Elsevier

Neurocomputing

Volume 97, 15 November 2012, Pages 251-266
Neurocomputing

A new embedding quality assessment method for manifold learning

https://doi.org/10.1016/j.neucom.2012.05.013Get rights and content

Abstract

Manifold learning is a hot research topic in the field of computer science. A crucial issue with current manifold learning methods is that they lack a natural quantitative measure to assess the quality of learned embeddings, which greatly limits their applications to real-world problems. In this paper, a new embedding quality assessment method for manifold learning, named as normalization independent embedding quality assessment (NIEQA) is proposed. Compared with current assessment methods which are limited to isometric embeddings, the NIEQA method has a much larger application range due to two features. First, it is based on a new measure which can effectively evaluate how well local neighborhood geometry is preserved under normalization, hence it can be applied to both isometric and normalized embeddings. Second, it can provide both local and global evaluations to output an overall assessment. Therefore, NIEQA can serve as a natural tool in model selection and evaluation tasks for manifold learning. Experimental results on benchmark data sets validate the effectiveness of the proposed method.

Introduction

Along with the advance of techniques to collect and store large sets of high-dimensional data, how to efficiently process such data issues a challenge for many fields in computer science, such as pattern recognition, visual understanding and data mining. The key problem is caused by “the curse of dimensionality” [1], that is, in handling with such data the computational complexities of algorithms often go up exponentially with the dimension.

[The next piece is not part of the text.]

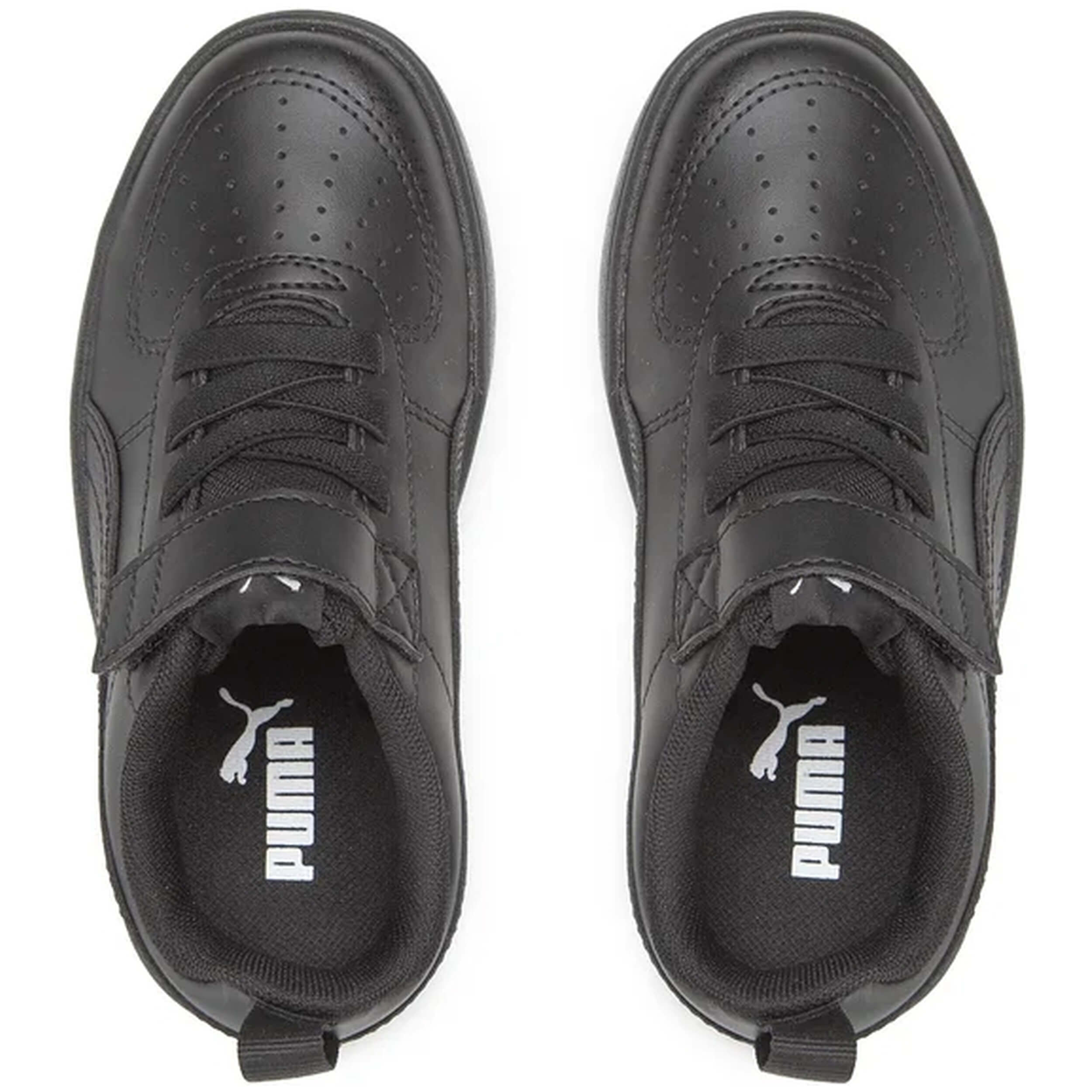 Zapatillas Puma Rickie Ac+ Ps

The main approach to address this issue is to perform dimensionality reduction. Classical linear methods, such as principal component analysis (PCA) [2], [3] and multidimensional scaling (MDS) [4], achieve their success under the assumption that data lie in a linear subspace. However, such assumption may not usually hold and a more realistic assumption is that data lie on or close to a low-dimensional manifold embedded in the high-dimensional ambient space. Recently, many methods have been proposed to efficiently find meaningful low-dimensional embeddings from manifold-modeled data, and they form a family of dimensionality reduction methods called manifold learning. Representative methods include locally linear embedding (LLE) [5], [6], ISOMAP [7], [8], Laplacian eigenmap (LE) [9], [10], Hessian LLE (HLLE) [11], diffusion maps (DM) [12], [13], local tangent space alignment (LTSA) [14], maximum variance unfolding (MVU) [15], and Riemannian manifold learning (RML) [16].

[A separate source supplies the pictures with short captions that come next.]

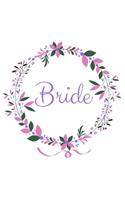 Bride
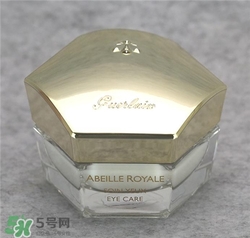 嬌蘭眼霜好用嗎？嬌蘭眼霜怎么樣？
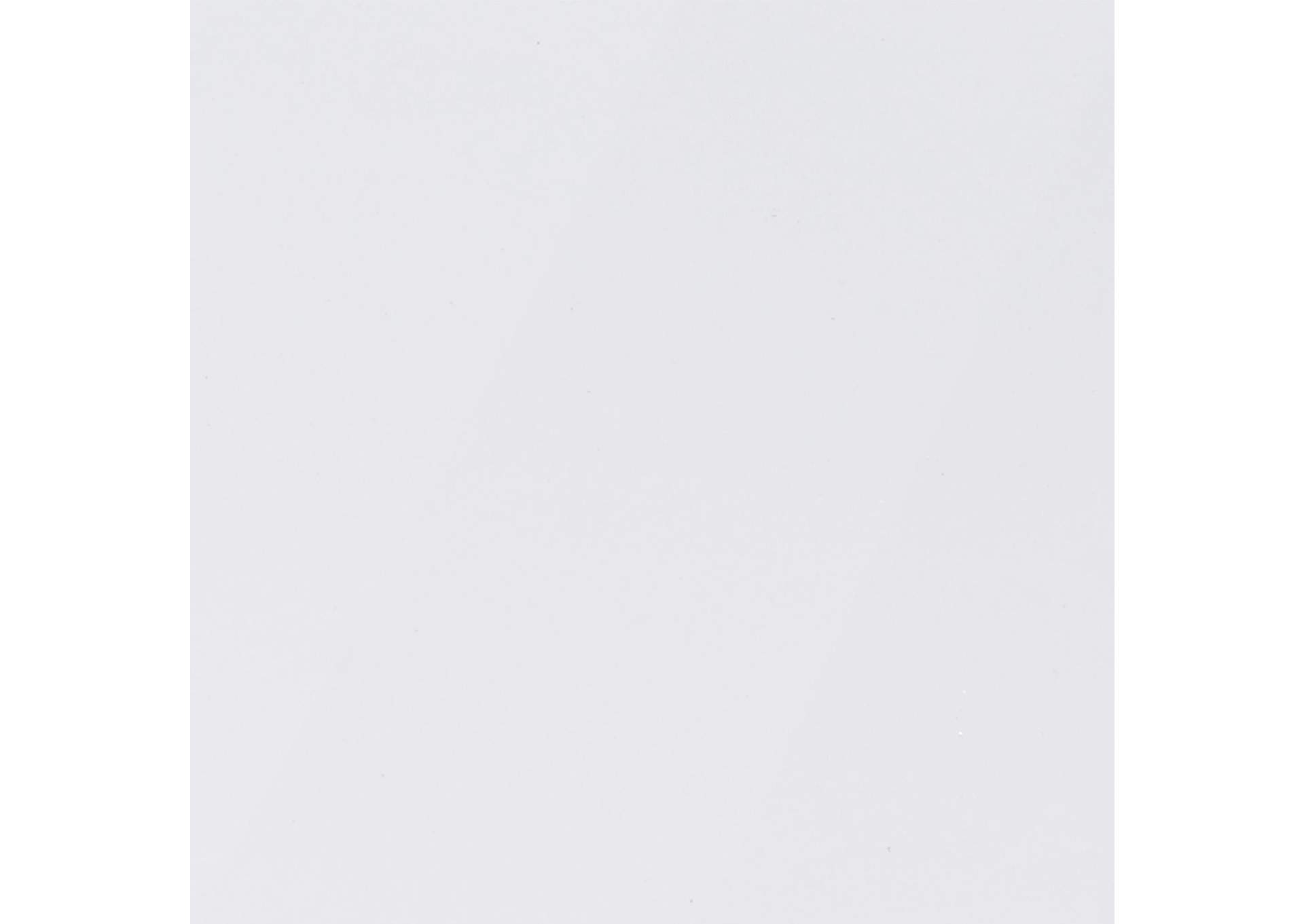 Ember Nightstand C - 1094 White Nightstand With USB image 10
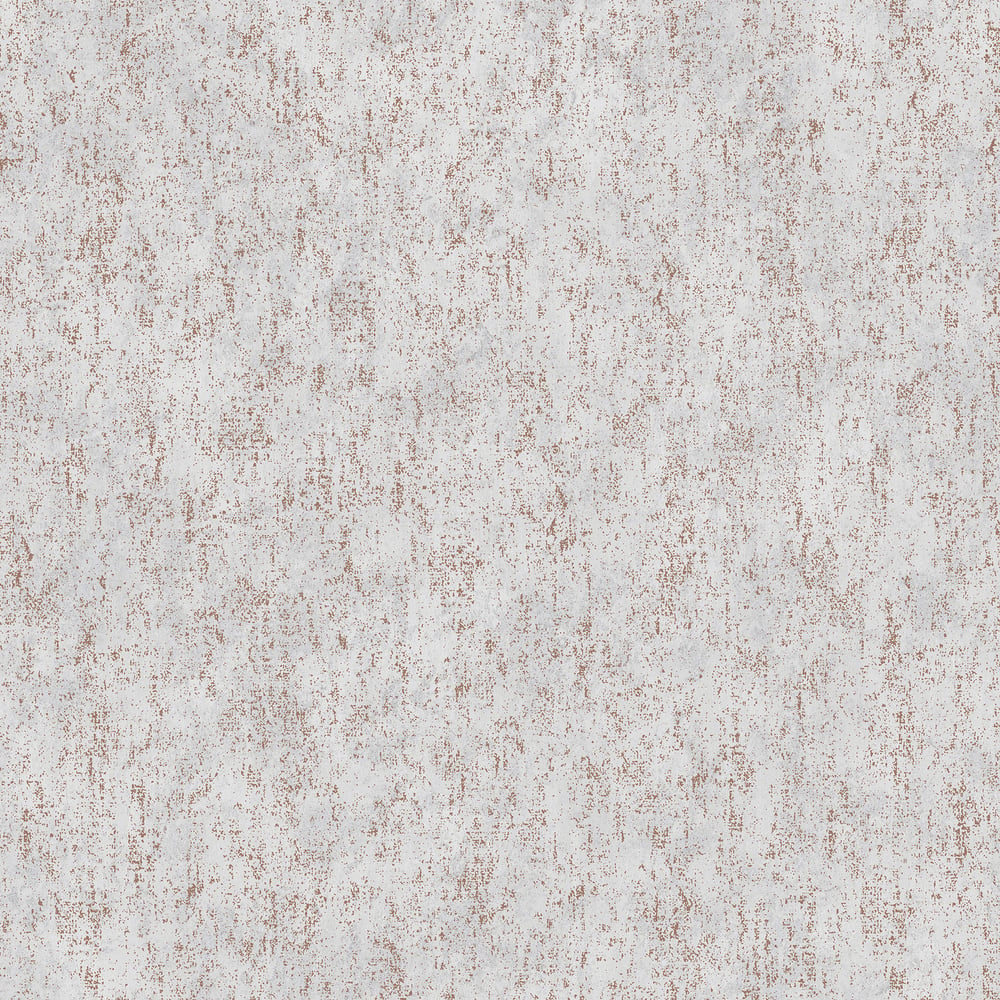 Lustre Speck Wallpaper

Manifold learning methods have drawn great research interests due to their nonlinear nature, simple intuition, and computational simplicity. They also have many successful applications, such as motion detection [17], sample preprocessing [18], gait analysis [19], facial expression recognition [20], hyperspectral imagery processing [21], and visual tracking [22].

Despite the above success, a crucial issue with current manifold learning methods is that they lack a natural measure to assess the quality of learned embeddings. In supervised learning tasks such as classification, the classification rate can be directly obtained through label information and used as a natural tool to evaluate the performance of the classifier. However, manifold learning methods are fully unsupervised and the intrinsic degrees of freedom underlying high-dimensional data are unknown. Therefore, after training process, we cannot directly assess the quality of a learned embedding. As a consequence, model selection and model evaluation are infeasible. Although visual inspection on the embedding may be an intuitive and qualitative assessment, it cannot provide a quantitative evaluation. Moreover, it cannot be used for embeddings whose dimensions are larger than three.

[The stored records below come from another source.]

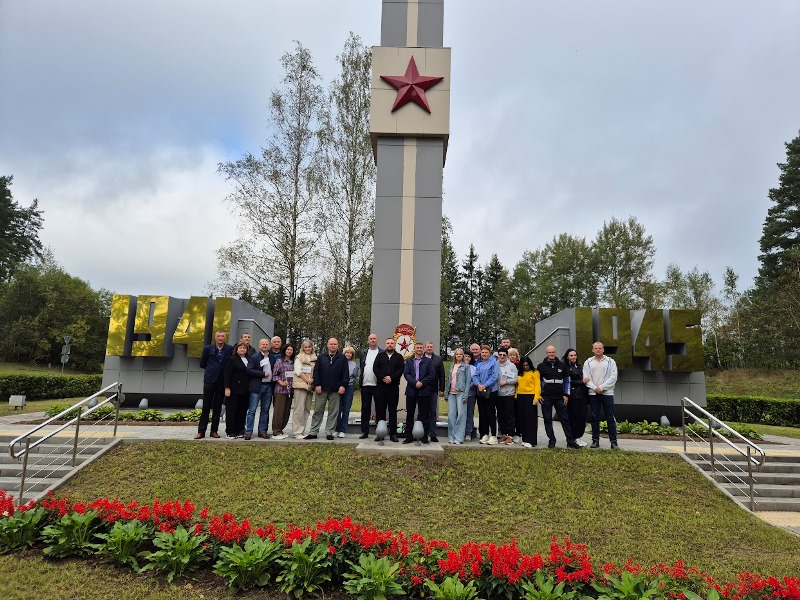 20.09.2025 Встреча (7).jpg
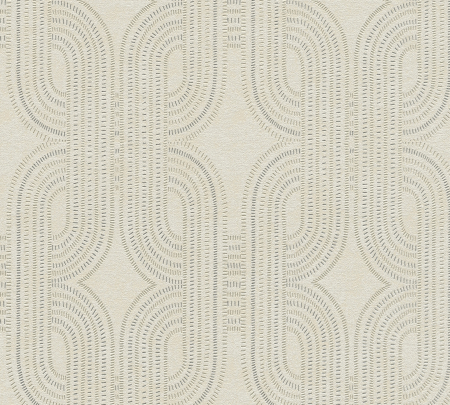 Grafic - Tapet 399371 French Affair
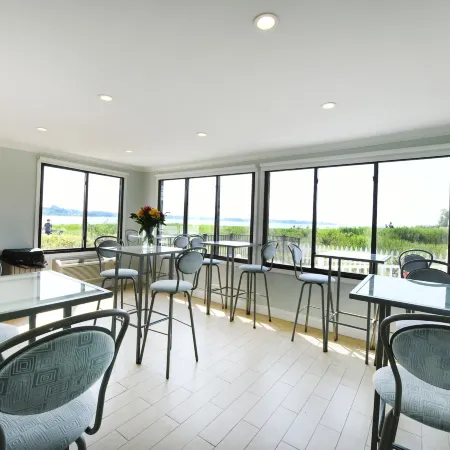 Bayview Resort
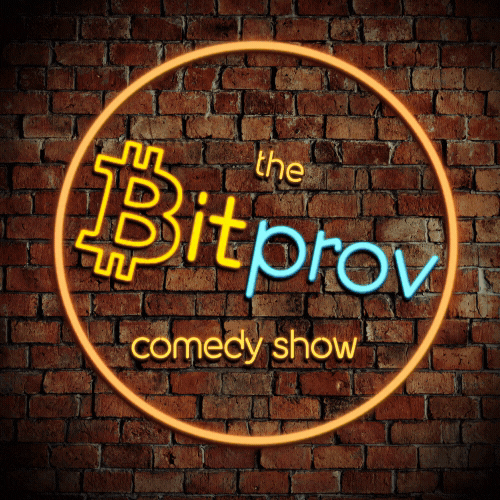 droppinshorts giphyupload GIF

Recently, several approaches have been proposed to address the issue of embedding quality assessment for manifold learning, which can be cast into two categories by their motivations.

  • Methods based on evaluating how well the rank of neighbor samples, according to pairwise Euclidean distances, is preserved within each local neighborhood.

  • Methods based on evaluating how well each local neighborhood matches its corresponding embedding under rigid motion or conformal mapping.

These methods are proved to be useful to isometric manifold learning methods, such as ISOMAP, MVU and RML. However, a large variety of manifold learning methods output normalized embeddings, such as LLE, HLLE, LE, and LTSA, just to name a few. In these methods, embeddings have unit variance up to a global scale factor. Then the distance rank of neighbor samples is disturbed in the embedding as pairwise Euclidean distances are no longer preserved. Meanwhile, anisotropic coordinate scaling (that is, separate scaling along each coordinate component) caused by normalization cannot be recovered by rigid motion or conformal mapping. As a consequence, existent methods would report false quality assessments for normalized embeddings.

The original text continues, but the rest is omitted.